4. Error-Cause Distribution
The Hallucination Specialist assigned root-cause classifications to 25 of the 28 confirmed hallucinations. Three remain unclassified. The mechanisms identified are described below.
Inference Drift — 17 confirmed hallucinations
Inference Drift is the dominant mechanism across all four configurations. The AI produces claims about Part 23's regulatory structure that are internally coherent — the model correctly understands that Part 23 has multiple subparts, that those subparts cover distinct regulatory topics, and that the topics include capital requirements, reporting, business conduct, and duties of swap dealers — but its specific structural map departs materially from the codified text. The failure takes several forms: asserting that subpart letters exist and contain active provisions when those letters are entirely absent from the regulation; attributing real section numbers to the wrong subpart and topic; and conflating the [Reserved] designation (a formal placeholder in the CFR) with the outright absence of a subpart letter.
The [Reserved] vs. absent distinction warrants emphasis because it is not merely taxonomic. A [Reserved] designation in the CFR implies the agency deliberately carved out that letter position as a placeholder for potential future rulemaking — the position is acknowledged. An absent letter implies no such intent — the position simply does not appear. When models describe absent letters as [Reserved], they generate a materially misleading description of regulatory structure: they imply a regulatory commitment or placeholder that does not exist. This distinction appeared in confirmed Inference Drift errors across three of the four configurations tested.
Inference Drift errors carry particular compliance risk because the outputs read as authoritative regulatory description.
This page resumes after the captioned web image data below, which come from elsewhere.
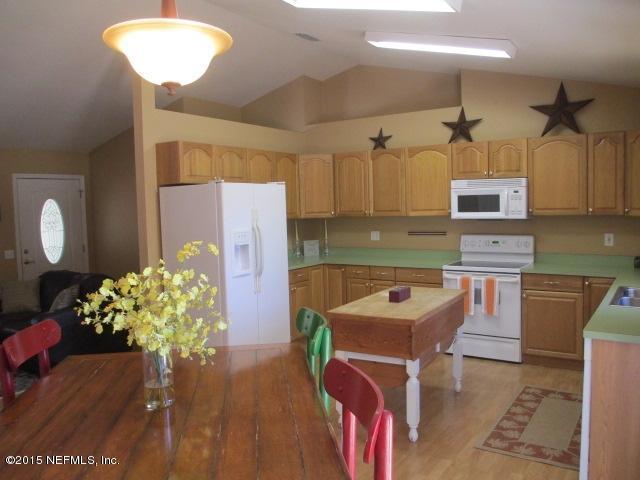 1057 Southeast 46th Loop Keystone Heights, FL 32656 - Photo 7 of 26 IMG_2504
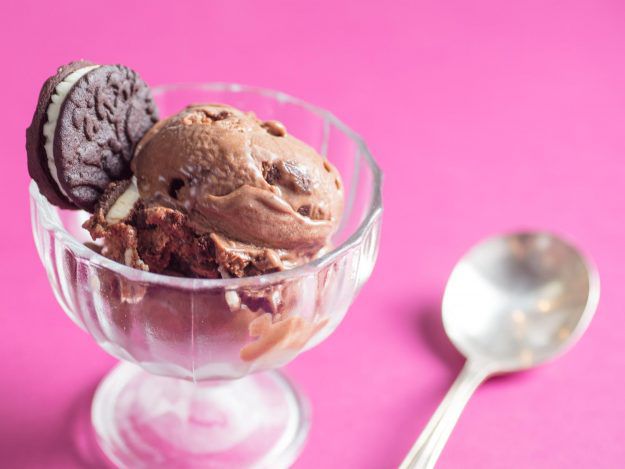 A small dish of Oreo ice cream with a homemade Oreo-style cookie on the side. 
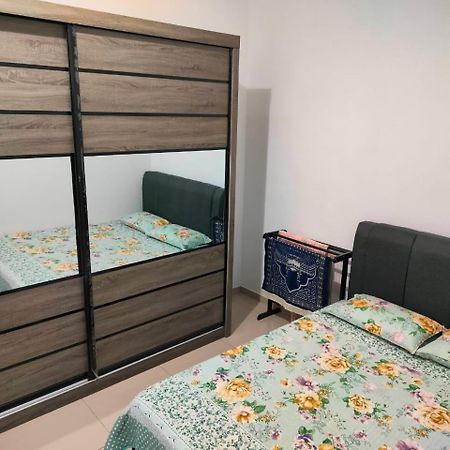 Aiman'S Rose Homestay Teluk Panglima Garang Экстерьер фото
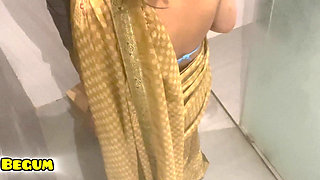 Desi Bhabhi Got Fucked by Electrician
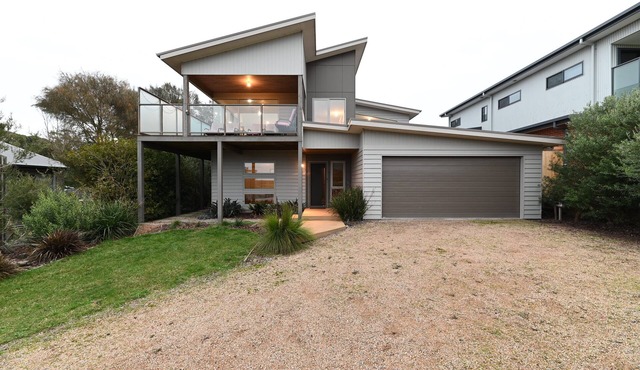Large Waratah Bay Beach House. Wweeping views of Wilsons Prom & 400m to beach.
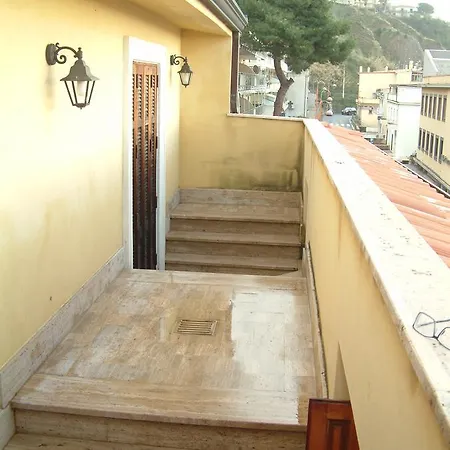 فندق مبيت وإفطار La Dimora Del Borgo بلفيديري ماريتّيمو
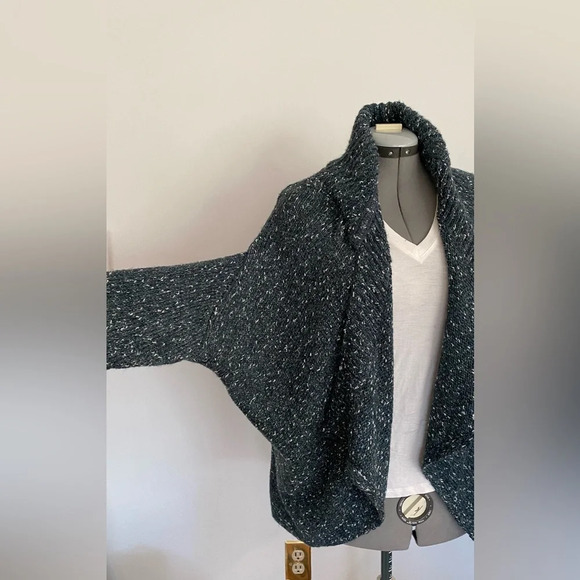 NWT Lane Bryant Wear-2-Ways Cardigan Sweater Size 18/20 - Picture 4 of 12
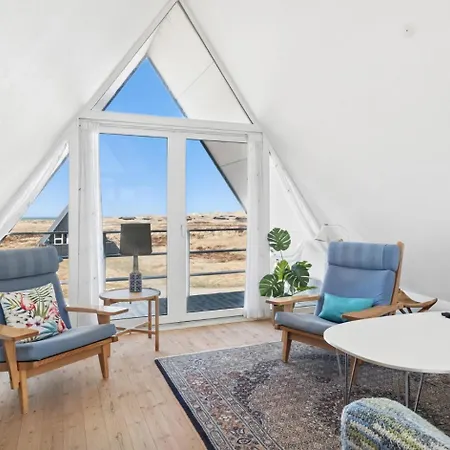 Unique Vacation With Ocean Views Close To The *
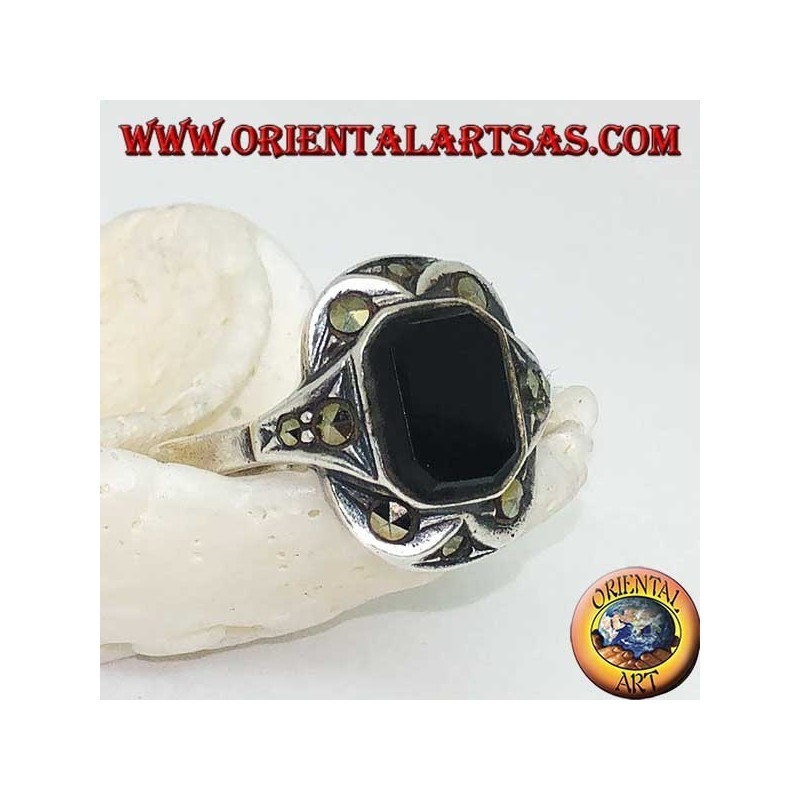 Silver ring with rectangular onyx with marcasites on the corners and sides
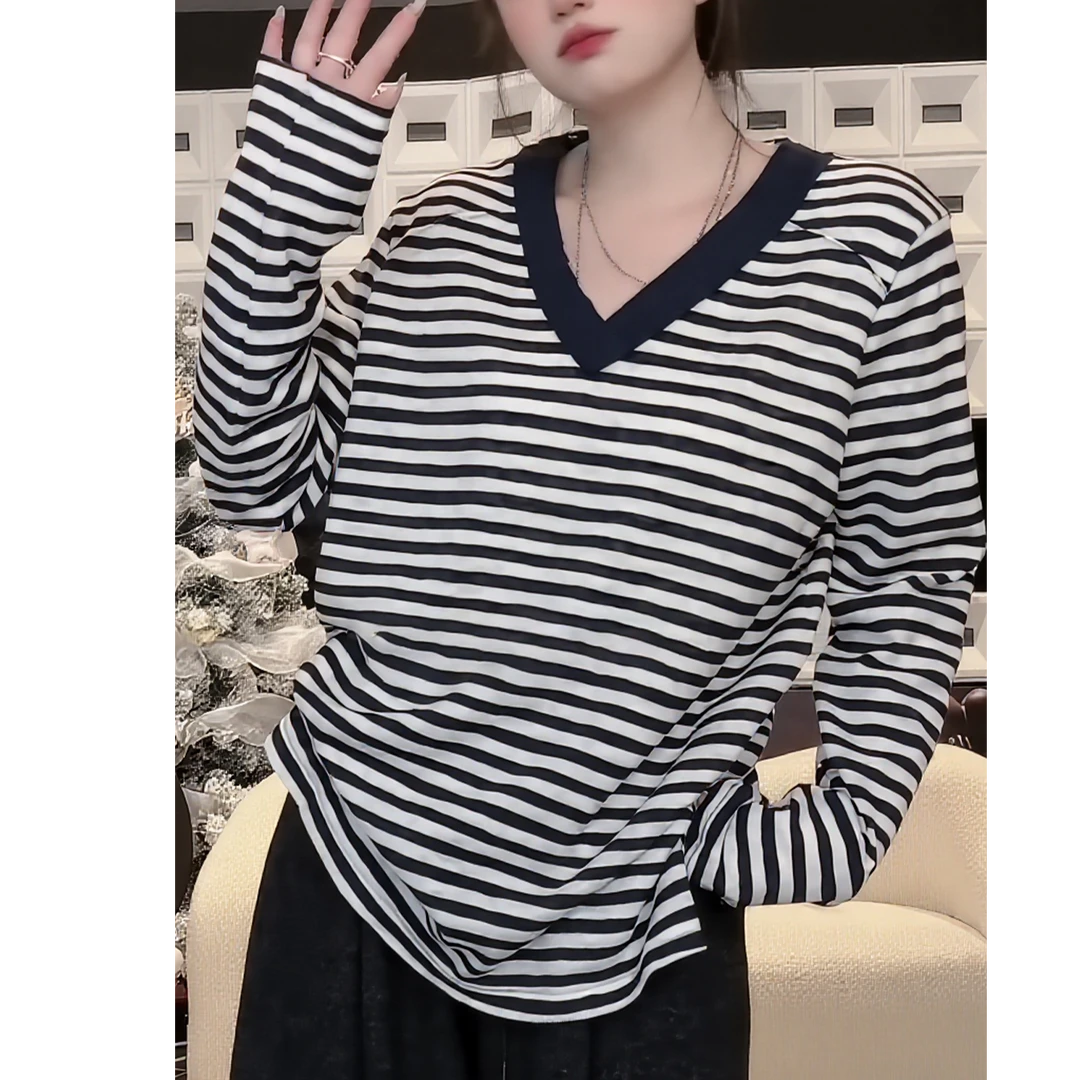 欧货潮流通勤女装秋冬新款设计感气质显瘦条纹拼色T恤上衣打底衫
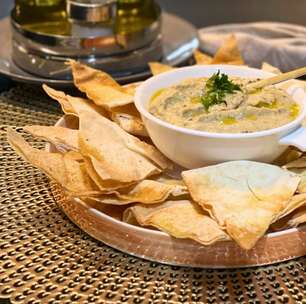 Babaganuche: receita fácil de pasta de berinjela defumada árabe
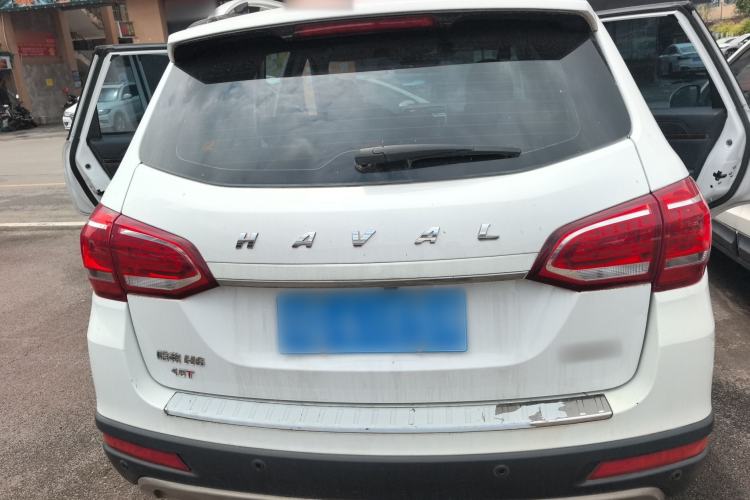 Used Haval H6 2015 Revised Version Sport Edition 1.5T Manual Transmission Two-Wheel Drive Elite Grade Rear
A compliance officer conducting a gap analysis or building a regulatory mapping from these responses without independent source verification would produce an incorrect structural account of Part 23 — one that references subparts that do not exist, misassigns existing provisions to incorrect locations, or presents superseded section ranges as current.
Version Confusion — 3 confirmed hallucinations
All three Version Confusion hallucinations occur in the opus-47-websearch configuration and originate from a single document-retrieval event. The model retrieved and presented identifiers for a different CFTC Federal Register filing — a real document with its own document number, page range, publication date, and regulatory status — in place of the substrate's 2025 proposed rulemaking document. The downstream errors cascade from this substitution: wrong publication date, wrong FR page citation, wrong RIN, and an incorrect document-type characterisation (final rule with an effective date vs. proposed rule with a comment deadline). These errors are consequential for regulatory research: Federal Register citation identifiers are the primary mechanism by which practitioners locate specific rulemakings, and incorrect identifiers make the correct document unfindable through standard research tools.
Incomplete — 3 confirmed hallucinations
Incomplete errors occur where the model's response is directionally proximate but materially truncated. The most significant instance is the Subpart E upper-bound understatement in opus-47-default: the model stated approximately §23.161 with an explicit uncertainty hedge of "off by one or two," but the substrate-confirmed upper bound is §23.199 — 38 sections beyond the stated figure and an order of magnitude beyond the model's own stated uncertainty margin. The Subpart J upper-bound understatement (§23.609 stated vs. §23.611 correct) left two sections unacknowledged. A section-title truncation completes this category: the model reproduced the title of §23.22 in quotation marks but omitted the leading operative phrase "Prohibition against statutory disqualification," which is the entire legal concept the section encodes, substituting a neutral subject-matter descriptor in its place.
Training Data Gap — 1 confirmed hallucination
The single Training Data Gap finding is the RIN transposition in opus-47-websearch: the model stated RIN 3038-AF33 against the substrate-confirmed RIN 3038-AF38. The final two digits differ (33 vs. 38), consistent with the model having no reliable training representation of this specific regulatory identifier and generating a plausible-looking but numerically incorrect value. The Source-Verification Analyst confirmed that neither cited source supplies the AF33 variant.
Outdated — 1 confirmed hallucination
The Subpart J upper-bound error in opus-47-default (§23.609 stated, §23.611 correct) is classified as Outdated: the stated range is consistent with a prior codified state of Part 23 before §§23.610 and 23.611 were added. This is independent of but coexists with the Incomplete classification: the range is both truncated and reflective of a superseded state of the regulation.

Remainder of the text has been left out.